Woody Allen expresses this feeling well when he says,

'Life is full of misery, loneliness and suffering and it's all over much too soon.'

The thing is, this fatalistic attitude to life may sell well, but it isn't necessarily true. Take, for example, the situation of the nation of Judea in the First Century AD. Here we have a nation that used to be powerful, rich and respected, but by the time of the Christmas story, everything has changed: at that time, the country was occupied by a brutal, vicious and uncaring foreign empire called Rome, which would do the most heinous and shocking crimes against humanity in the name of the misnamed 'pax Romana' - Roman peace; there is a corrupt, sadistic and perverted dictator installed on the Jewish throne infamously known as King Herod; there is also a religious elite that could not care less about the spiritual and emotional needs of the average person, and the only religious people who do have a sense of moral integrity - the Pharisees - are so severe at times that any chance of 'living' is utterly sapped away; there are prophecies that had been given in the ancient past about a saviour whom God would send, but every day this promise seemed ever less likely; some of the religious elites - in the form of the Sadducees, even said that God had no interest in human affairs (at least according to the historian Josephus). The world of 1st Century Judea was politically, morally, religiously and economically corrupt and - above all - hopeless. In the end, most people did little more than simply exist.

So far, this seems to be turning out to be an incredibly depressing thought. It seems to be about a world without hope in the past, and now hopeless in the present. And yet we now look upon that ancient time as a moment of supreme joy; we celebrate it with songs, poems, gifts, bright lights and wrapping paper, decorated trees, Handel's Messiah and the best films on television. That period in the past where hope seemed dead is now - bizarrely - seen by children as the most wonderful day of the year; for adults it is a time where - hopefully - we can relax after the year's strains, with a cup of hot mulled wine or even just a cup of tea. Christmas time is a festival about joy; but how could such a festival - celebrated across the whole of the world - come out of such a joyless, hopeless situation in 1st Century Judea?

We all know the reason: it's about the birth of a child in a small town of Bethlehem.
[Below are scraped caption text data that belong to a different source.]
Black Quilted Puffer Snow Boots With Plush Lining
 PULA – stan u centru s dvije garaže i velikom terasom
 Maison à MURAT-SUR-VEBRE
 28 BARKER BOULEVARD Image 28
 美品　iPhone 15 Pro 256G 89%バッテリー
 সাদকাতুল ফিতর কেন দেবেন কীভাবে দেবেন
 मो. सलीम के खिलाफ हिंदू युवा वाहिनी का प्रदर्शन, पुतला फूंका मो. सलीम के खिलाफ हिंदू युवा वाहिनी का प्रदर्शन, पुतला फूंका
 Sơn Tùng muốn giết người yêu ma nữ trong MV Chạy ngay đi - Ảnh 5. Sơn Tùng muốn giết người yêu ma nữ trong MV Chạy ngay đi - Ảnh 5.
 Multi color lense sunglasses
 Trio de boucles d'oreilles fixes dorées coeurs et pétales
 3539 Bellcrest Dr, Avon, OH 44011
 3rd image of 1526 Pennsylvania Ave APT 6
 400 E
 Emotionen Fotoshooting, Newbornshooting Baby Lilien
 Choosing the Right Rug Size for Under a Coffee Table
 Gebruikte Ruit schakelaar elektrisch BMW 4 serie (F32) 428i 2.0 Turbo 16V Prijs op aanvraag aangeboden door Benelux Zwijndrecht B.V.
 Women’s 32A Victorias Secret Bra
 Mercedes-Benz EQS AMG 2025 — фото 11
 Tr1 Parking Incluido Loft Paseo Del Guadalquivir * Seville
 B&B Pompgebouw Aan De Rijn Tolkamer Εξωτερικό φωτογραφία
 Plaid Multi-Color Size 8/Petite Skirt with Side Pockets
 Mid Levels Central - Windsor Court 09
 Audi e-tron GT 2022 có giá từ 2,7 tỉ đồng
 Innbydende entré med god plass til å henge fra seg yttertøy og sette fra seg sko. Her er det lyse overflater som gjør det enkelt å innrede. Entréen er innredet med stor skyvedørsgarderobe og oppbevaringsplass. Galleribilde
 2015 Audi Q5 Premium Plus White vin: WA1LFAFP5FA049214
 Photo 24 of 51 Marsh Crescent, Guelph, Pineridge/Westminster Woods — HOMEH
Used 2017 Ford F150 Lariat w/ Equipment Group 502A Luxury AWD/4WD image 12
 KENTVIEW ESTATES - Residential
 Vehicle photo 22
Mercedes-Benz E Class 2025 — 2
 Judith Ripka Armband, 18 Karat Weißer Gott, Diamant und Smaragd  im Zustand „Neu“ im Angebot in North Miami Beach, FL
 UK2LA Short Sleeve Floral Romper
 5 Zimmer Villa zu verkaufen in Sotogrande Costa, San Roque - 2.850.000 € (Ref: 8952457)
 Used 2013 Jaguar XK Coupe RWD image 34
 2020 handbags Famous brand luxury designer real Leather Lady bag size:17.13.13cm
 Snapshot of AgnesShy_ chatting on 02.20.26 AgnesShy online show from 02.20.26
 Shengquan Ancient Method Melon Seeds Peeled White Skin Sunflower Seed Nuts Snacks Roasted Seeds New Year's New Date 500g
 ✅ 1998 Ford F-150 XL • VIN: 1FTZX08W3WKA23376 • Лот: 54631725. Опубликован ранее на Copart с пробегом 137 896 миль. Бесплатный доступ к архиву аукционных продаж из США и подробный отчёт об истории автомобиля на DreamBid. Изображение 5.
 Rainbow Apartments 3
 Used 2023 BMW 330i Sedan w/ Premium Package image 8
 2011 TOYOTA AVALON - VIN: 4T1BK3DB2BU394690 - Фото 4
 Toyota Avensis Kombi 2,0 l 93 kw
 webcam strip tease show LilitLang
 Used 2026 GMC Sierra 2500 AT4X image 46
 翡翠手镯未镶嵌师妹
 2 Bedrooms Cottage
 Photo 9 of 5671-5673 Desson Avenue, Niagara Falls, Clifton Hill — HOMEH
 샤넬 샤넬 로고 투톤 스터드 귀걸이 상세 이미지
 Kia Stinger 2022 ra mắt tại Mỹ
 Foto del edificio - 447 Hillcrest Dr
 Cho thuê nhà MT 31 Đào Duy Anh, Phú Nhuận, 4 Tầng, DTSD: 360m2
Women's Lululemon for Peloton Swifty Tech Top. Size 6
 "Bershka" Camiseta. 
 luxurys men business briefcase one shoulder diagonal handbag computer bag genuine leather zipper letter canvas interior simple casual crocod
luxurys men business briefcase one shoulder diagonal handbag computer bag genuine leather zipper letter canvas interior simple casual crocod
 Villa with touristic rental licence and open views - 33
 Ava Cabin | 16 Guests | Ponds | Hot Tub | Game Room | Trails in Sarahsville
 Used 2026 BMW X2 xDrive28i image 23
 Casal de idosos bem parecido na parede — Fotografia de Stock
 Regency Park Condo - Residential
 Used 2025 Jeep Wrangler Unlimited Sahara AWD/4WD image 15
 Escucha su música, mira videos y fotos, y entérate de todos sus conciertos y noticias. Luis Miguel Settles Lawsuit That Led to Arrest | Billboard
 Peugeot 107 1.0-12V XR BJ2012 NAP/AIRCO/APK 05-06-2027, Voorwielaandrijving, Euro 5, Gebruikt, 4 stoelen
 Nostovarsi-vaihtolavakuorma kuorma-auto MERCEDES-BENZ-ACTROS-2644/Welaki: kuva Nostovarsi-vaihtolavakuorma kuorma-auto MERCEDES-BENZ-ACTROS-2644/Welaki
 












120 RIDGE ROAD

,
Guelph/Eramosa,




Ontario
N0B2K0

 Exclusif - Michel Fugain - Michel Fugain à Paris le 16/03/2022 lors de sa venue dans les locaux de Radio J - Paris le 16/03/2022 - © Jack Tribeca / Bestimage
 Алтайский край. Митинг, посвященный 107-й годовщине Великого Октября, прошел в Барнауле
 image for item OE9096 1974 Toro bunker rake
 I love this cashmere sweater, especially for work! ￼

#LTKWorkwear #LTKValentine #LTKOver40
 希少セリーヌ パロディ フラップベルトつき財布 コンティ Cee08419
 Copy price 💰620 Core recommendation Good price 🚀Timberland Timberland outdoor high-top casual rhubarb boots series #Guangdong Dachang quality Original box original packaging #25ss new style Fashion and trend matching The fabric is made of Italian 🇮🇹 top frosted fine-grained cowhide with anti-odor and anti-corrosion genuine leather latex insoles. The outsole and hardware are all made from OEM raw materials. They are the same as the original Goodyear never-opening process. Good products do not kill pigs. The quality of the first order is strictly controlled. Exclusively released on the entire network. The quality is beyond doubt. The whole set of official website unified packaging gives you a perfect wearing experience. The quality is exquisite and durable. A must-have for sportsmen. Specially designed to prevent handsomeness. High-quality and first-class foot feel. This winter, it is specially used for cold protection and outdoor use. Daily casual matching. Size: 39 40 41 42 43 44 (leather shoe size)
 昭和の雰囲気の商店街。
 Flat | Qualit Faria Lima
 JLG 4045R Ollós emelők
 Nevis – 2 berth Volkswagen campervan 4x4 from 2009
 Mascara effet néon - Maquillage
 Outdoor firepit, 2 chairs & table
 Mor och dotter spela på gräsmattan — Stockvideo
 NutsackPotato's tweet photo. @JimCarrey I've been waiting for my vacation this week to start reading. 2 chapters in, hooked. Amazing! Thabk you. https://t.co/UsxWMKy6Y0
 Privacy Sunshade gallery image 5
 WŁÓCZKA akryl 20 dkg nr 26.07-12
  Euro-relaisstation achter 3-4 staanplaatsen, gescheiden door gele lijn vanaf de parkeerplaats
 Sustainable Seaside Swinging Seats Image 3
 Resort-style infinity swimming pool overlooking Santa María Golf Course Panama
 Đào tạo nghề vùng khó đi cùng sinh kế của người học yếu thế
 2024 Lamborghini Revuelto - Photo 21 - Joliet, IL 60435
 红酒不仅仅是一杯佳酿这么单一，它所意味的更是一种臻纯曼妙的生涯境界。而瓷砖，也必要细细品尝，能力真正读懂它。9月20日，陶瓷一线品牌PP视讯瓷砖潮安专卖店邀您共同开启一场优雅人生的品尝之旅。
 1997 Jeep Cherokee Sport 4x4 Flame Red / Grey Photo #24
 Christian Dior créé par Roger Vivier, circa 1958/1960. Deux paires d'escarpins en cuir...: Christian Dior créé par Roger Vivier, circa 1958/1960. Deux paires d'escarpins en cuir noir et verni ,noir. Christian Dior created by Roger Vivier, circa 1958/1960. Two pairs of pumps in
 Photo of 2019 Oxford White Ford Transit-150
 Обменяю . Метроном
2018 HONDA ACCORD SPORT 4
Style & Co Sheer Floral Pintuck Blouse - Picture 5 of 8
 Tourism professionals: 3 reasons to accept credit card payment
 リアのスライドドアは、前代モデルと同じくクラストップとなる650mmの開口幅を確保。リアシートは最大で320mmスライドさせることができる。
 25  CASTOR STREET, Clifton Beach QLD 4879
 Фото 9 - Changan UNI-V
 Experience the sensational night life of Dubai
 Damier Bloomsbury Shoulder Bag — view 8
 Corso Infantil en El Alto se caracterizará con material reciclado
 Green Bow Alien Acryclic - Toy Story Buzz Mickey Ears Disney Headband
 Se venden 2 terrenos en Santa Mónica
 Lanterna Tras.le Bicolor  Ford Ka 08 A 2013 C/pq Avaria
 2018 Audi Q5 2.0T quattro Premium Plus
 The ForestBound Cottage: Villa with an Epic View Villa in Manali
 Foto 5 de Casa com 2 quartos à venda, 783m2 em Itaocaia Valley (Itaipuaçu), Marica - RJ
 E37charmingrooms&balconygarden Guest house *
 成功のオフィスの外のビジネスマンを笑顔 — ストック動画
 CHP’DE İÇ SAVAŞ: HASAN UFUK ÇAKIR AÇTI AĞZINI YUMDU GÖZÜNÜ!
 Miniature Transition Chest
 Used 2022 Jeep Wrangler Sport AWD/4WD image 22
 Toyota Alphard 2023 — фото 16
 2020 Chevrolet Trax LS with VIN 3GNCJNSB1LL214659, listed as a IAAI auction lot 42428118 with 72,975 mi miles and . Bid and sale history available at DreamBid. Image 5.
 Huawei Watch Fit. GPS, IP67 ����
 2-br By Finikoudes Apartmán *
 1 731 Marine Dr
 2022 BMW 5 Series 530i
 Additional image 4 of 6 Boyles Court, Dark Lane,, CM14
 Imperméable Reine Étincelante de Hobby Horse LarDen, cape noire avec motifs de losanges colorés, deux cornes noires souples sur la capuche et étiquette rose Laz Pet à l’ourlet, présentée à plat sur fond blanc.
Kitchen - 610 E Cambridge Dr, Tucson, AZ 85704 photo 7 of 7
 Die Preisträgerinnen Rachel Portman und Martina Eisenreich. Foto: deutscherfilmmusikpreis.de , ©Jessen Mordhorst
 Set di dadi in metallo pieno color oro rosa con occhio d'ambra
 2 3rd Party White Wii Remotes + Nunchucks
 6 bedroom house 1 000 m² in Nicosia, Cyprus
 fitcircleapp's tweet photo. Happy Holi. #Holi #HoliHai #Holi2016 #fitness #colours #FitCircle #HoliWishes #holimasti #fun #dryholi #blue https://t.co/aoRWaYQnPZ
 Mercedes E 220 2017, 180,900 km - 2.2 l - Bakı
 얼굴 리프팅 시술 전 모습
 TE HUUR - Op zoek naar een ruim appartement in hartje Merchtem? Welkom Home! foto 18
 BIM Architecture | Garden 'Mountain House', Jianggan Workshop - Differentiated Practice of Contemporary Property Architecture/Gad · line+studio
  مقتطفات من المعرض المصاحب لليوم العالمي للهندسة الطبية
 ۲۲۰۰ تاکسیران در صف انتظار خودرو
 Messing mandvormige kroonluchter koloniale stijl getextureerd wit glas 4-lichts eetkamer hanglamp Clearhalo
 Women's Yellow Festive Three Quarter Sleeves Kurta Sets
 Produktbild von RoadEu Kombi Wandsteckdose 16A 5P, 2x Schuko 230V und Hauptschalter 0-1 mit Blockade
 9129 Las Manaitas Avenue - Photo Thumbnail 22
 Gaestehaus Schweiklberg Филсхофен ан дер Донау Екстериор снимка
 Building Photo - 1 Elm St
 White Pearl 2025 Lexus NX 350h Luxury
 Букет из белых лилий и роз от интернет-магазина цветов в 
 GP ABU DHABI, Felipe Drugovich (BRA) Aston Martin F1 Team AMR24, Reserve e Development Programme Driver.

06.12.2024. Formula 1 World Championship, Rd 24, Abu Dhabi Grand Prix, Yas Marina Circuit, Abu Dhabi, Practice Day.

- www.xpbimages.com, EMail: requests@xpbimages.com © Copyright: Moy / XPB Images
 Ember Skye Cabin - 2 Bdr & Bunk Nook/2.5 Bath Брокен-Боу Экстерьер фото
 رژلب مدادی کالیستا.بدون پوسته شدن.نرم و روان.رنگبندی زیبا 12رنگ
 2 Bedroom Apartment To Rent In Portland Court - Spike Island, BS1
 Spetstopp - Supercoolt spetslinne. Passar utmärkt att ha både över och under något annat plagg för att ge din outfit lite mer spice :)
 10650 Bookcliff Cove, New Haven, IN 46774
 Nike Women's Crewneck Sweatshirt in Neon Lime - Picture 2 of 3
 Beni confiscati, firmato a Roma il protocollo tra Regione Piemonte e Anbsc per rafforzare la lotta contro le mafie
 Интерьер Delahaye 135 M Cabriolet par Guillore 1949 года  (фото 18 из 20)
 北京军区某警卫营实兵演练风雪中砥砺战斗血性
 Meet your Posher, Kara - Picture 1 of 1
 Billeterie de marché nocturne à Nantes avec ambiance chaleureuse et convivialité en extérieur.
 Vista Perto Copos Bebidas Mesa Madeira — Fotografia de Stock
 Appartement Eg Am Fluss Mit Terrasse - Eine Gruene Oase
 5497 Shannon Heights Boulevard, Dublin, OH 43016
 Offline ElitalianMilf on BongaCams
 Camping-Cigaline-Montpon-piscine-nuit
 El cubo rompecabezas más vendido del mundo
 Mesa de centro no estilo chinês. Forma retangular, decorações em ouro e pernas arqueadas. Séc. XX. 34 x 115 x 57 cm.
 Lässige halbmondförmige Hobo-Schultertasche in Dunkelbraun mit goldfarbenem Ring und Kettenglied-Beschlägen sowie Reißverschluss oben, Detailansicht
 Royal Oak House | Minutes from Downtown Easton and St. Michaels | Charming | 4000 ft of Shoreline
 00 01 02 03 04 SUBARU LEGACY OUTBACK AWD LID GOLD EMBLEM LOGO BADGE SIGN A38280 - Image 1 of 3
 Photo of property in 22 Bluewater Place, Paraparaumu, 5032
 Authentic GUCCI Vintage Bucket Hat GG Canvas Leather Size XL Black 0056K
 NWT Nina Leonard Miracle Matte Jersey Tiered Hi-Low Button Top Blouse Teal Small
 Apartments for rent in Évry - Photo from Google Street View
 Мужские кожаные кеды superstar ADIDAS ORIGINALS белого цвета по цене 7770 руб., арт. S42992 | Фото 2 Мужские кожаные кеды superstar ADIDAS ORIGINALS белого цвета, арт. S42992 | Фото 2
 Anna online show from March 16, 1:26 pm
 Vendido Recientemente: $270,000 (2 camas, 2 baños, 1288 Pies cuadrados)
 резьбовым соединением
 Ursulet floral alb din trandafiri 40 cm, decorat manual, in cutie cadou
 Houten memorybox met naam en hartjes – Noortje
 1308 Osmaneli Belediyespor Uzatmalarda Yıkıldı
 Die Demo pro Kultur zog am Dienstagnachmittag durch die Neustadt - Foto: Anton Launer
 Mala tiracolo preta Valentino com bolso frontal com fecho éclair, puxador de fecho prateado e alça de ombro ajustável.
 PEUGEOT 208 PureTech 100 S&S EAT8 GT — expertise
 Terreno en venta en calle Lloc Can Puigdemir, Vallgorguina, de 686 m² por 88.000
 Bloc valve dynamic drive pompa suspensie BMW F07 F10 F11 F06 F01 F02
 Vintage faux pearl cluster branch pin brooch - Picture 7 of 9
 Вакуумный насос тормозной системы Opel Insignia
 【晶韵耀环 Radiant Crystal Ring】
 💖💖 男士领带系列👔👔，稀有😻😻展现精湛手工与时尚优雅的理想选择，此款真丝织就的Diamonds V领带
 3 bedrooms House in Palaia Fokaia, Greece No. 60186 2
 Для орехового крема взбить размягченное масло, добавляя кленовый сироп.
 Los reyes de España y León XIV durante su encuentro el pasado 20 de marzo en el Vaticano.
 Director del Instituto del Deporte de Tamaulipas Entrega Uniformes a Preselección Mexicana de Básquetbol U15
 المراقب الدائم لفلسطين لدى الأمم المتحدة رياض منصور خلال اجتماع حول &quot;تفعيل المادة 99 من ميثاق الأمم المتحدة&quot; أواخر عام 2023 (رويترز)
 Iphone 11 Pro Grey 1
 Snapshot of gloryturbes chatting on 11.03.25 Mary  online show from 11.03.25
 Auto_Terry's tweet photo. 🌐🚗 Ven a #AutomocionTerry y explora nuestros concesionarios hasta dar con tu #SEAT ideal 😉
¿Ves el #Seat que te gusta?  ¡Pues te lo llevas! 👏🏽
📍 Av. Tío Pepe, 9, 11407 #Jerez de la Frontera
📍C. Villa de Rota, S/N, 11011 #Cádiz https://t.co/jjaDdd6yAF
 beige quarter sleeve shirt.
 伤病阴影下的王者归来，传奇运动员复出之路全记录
Yet even that story in itself could be seen as hopeless:

Here we have a pregnant teenager called Mary;

Here we have a child whose father was not Mary's fiance;

Here we have an unnecessary and dangerous trek across the unforgiving landscape of the Middle East;

Here we have a situation where a child cannot even be born inside a house, but instead inside a filthy cave meant for the animals, not people;

Here we have a government so oppresive and sadistic that it would be willing to kill baby children out of paranoid fear.

But we don't celebrate Christmas for that - after all, does that deserve being celebrated? Instead, we celebrate the birth of a special child, and unnusual child, a remarkable child. Through some mystery inconcievable through human intellect, the ultimate reality, the ground of all existence - the being, which as St. Paul writes, 'we live and move and have our being' - was 'made flesh' in the birth of Jesus Christ. And for two thousand years, we've been celebrating His birthday. Now that's some remarkable child!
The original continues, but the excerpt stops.